Wybuch I wojny światowej przez jednych ówcześnie żyjących był przewidywany, a przez innych uważany za absolutnie niemożliwy. Kiedy to jednak nastąpiło 28 lipca 1914 r., mało kto mógł przypuszczać, że właśnie rozpoczął się jeden z największych kataklizmów, mający przynieść cierpienie w wymiarze zarówno globalnym, dla milionów ludzi, jak i indywidualnym, dla konkretnych jednostek – jak zawsze w takich przypadkach osób niewinnych.

Moment wybuchu pierwszego globalnego konfliktu zbrojnego był w jakimś stopniu zaskoczeniem dla wielu rządzących państwami i dowódców wojskowych. Świadczy o tym m.in. fakt, że poszczególne armie nie były na tę sytuację dostatecznie przygotowane i w wielkim pośpiechu starały się temu zaradzić. Konsekwencją tego było np. błyskawiczne zwiększenie liczebności armii rosyjskiej przez uzupełnienie jej szeregów kryminalistami zrekrutowanymi w licznych więzieniach rozsianych na terenach rozległego kraju.
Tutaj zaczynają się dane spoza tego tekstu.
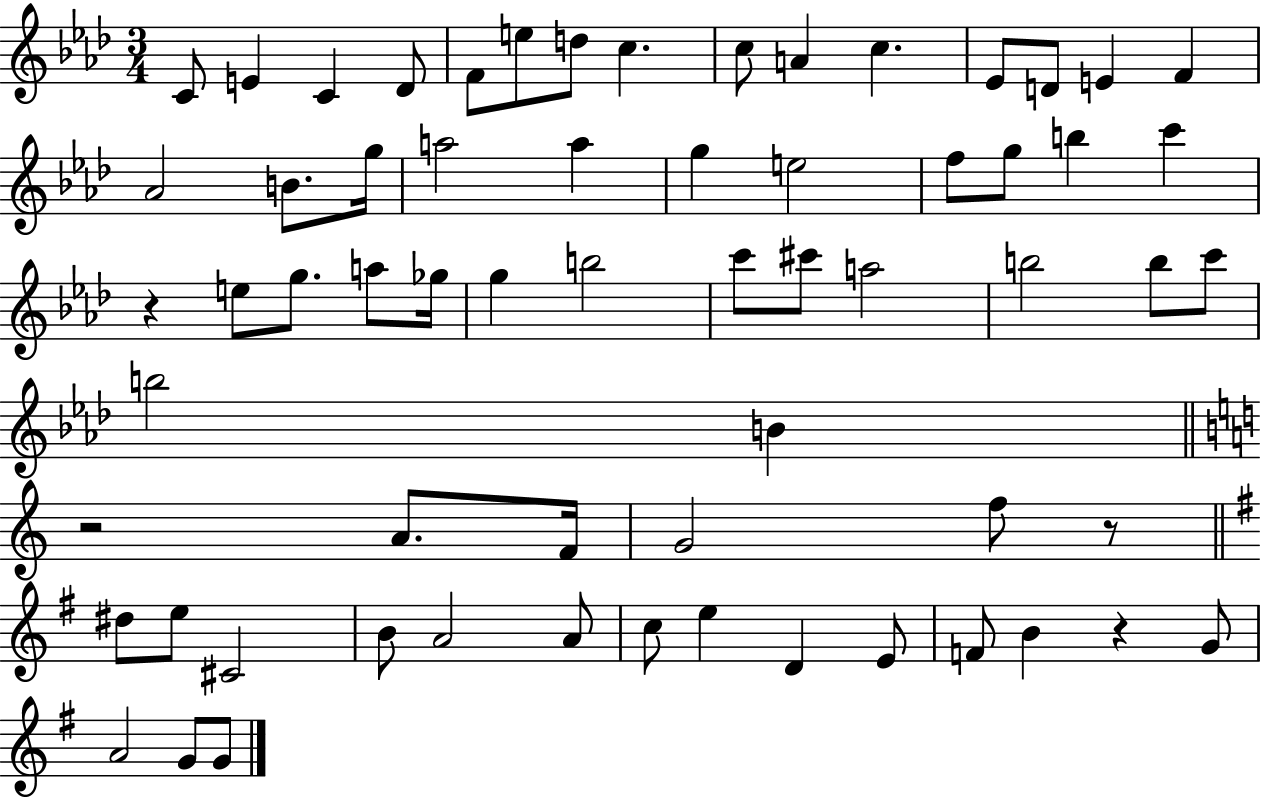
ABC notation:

X:1
T:Untitled
M:3/4
L:1/4
K:Ab
C/2 E C _D/2 F/2 e/2 d/2 c c/2 A c _E/2 D/2 E F _A2 B/2 g/4 a2 a g e2 f/2 g/2 b c' z e/2 g/2 a/2 _g/4 g b2 c'/2 ^c'/2 a2 b2 b/2 c'/2 b2 B z2 A/2 F/4 G2 f/2 z/2 ^d/2 e/2 ^C2 B/2 A2 A/2 c/2 e D E/2 F/2 B z G/2 A2 G/2 G/2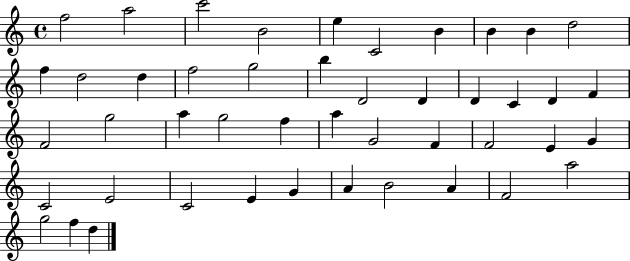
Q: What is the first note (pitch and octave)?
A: F5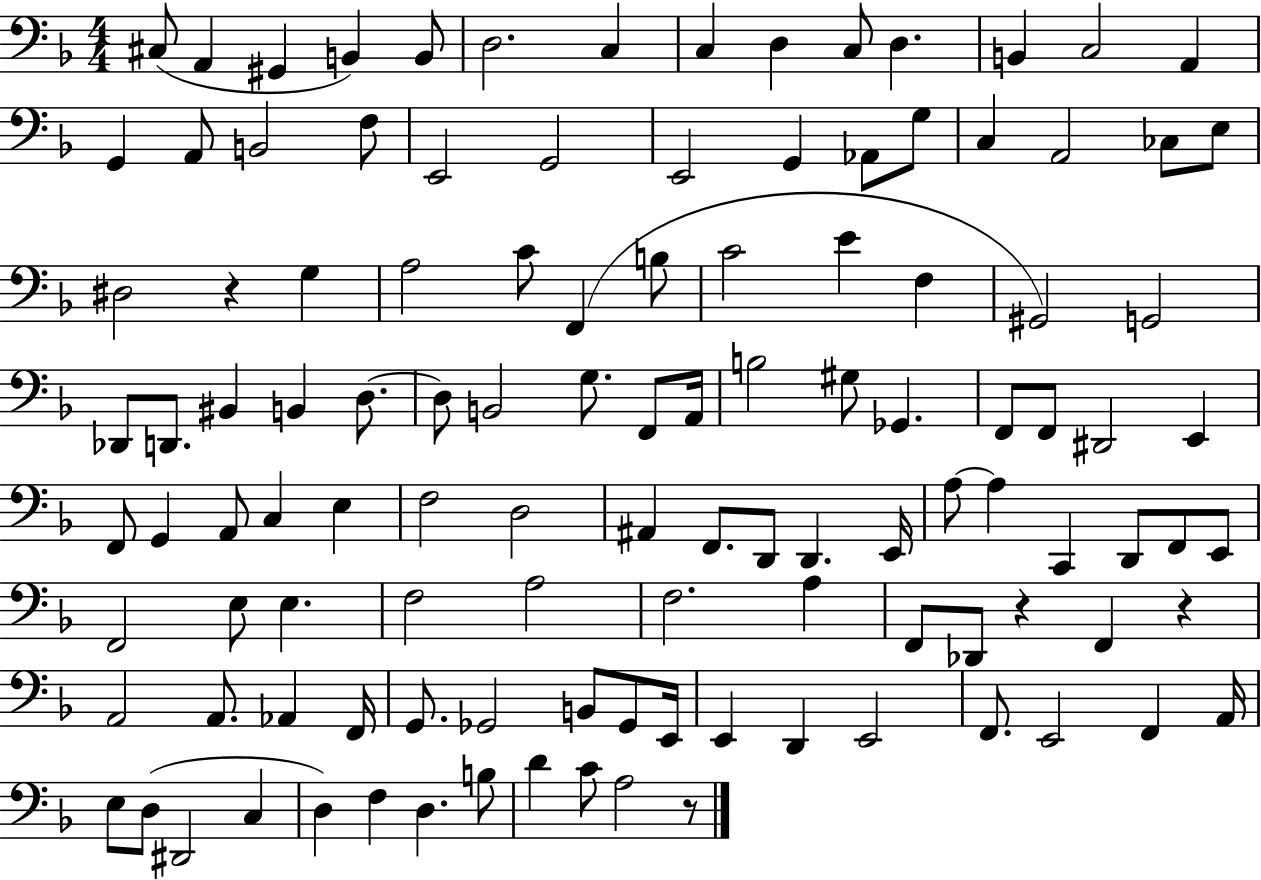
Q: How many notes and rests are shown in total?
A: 115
Charakterystyczną cechą tej wojny było też wielokrotne przechodzenie z rąk do rąk walczących armii miejscowości znajdujących się na linii frontu, co odciskało piętno na psychice ich mieszkańców. Dotyczyło to także wydarzeń, które rozegrały się na terenie Galicji, a konkretnie we wsi Wał-Ruda w pobliżu Tarnowa. Rejon ten ze względu na ekonomiczne i przemysłowe zacofanie był zamieszkany generalnie przez ludność w większości niezamożną, biedną, parającą się głównie pracą na roli. Od samego początku był to rejon intensywnych walk wrogich armii: Austro-Węgier i Rosji. Do dziś znajdują się tam liczne, gęsto rozmieszczone cmentarze poległych żołnierzy. W naszym rozważaniu skupmy się na wydarzeniach z początku wojny.

Preludium dramatu

W drugiej połowie listopada 1914 r. rejon Zabawy, Radłowa był opuszczony przez wycofującą się armię austro-węgierską. Po krótkim czasie „względnego spokoju” pojawiła się armia rosyjska, często nazywana carską, dla podkreślenia jej wieloetnicznego składu – wszak nie składała się tylko z Rosjan. Jednocześnie nie była to jeszcze armia bolszewicka, która powstała w wyniku rewolucji październikowej. Dowodzili nią zawodowi wojskowi, często wywodzący się ze szlachty i wyższych warstw arystokracji.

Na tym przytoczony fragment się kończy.